MATERIAL FOR THIS EXERCISE below:

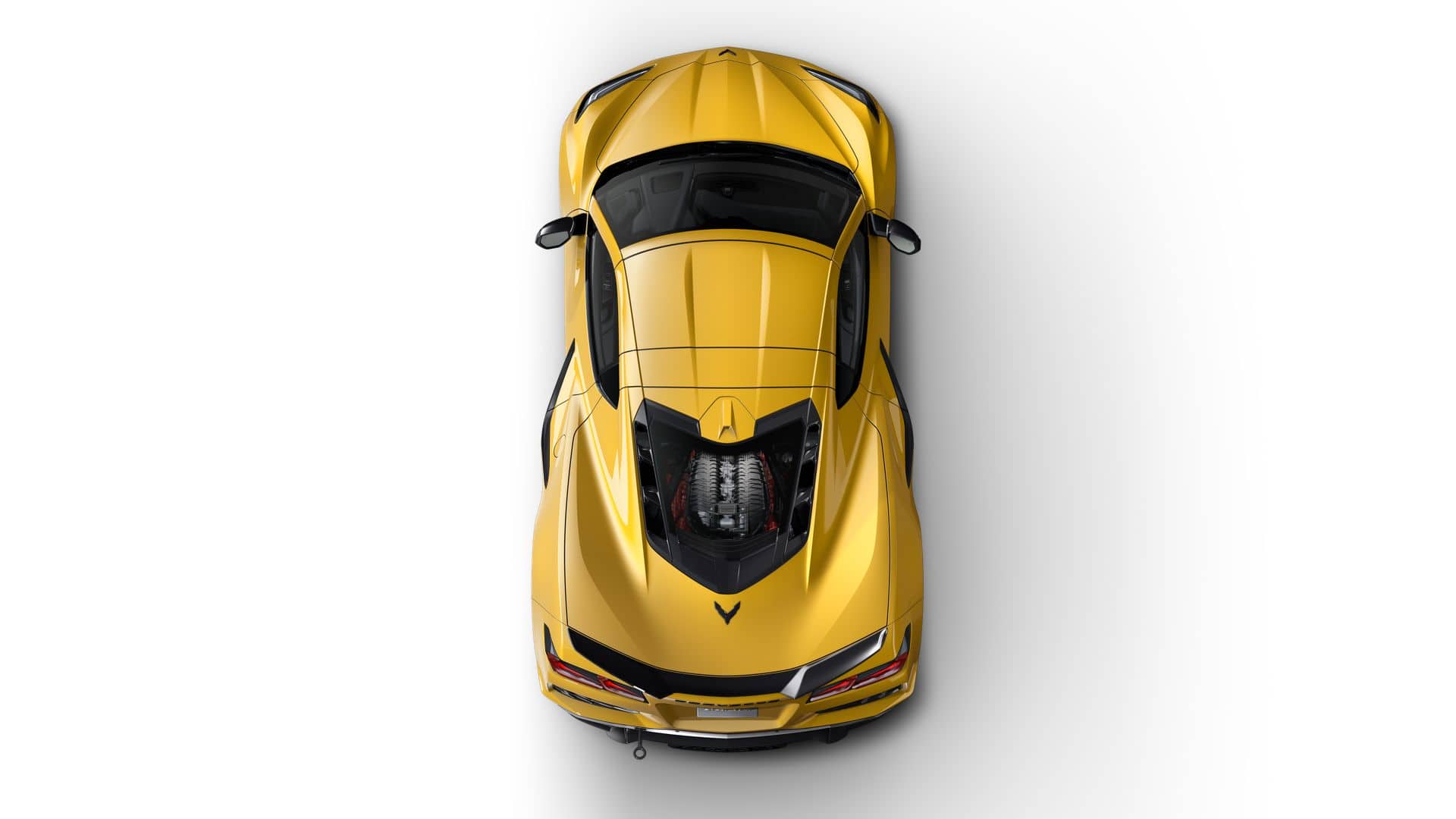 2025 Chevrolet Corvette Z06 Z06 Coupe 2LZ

End of MATERIAL FOR THIS EXERCISE.
MATERIAL FOR THIS EXERCISE below:

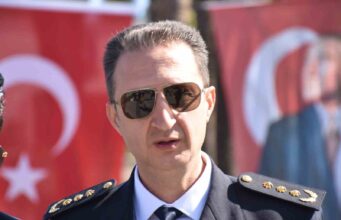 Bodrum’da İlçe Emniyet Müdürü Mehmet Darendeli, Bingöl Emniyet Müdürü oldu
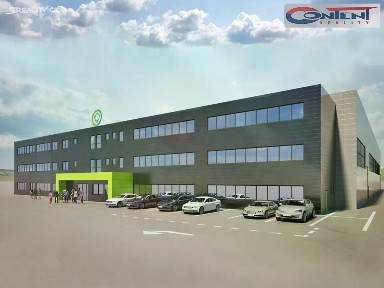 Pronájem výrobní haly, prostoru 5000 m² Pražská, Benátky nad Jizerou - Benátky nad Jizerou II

End of MATERIAL FOR THIS EXERCISE.

_YOUR TASK_: In the records above, find the line with "Bodrum’da İlçe Emniyet". Print exactly from there through the line with "Pronájem výrobní haly, prostoru", minus the pictures.

_RESULT OF THE EXERCISE_:
 Bodrum’da İlçe Emniyet Müdürü Mehmet Darendeli, Bingöl Emniyet Müdürü oldu
 Pronájem výrobní haly, prostoru 5000 m² Pražská, Benátky nad Jizerou - Benátky nad Jizerou II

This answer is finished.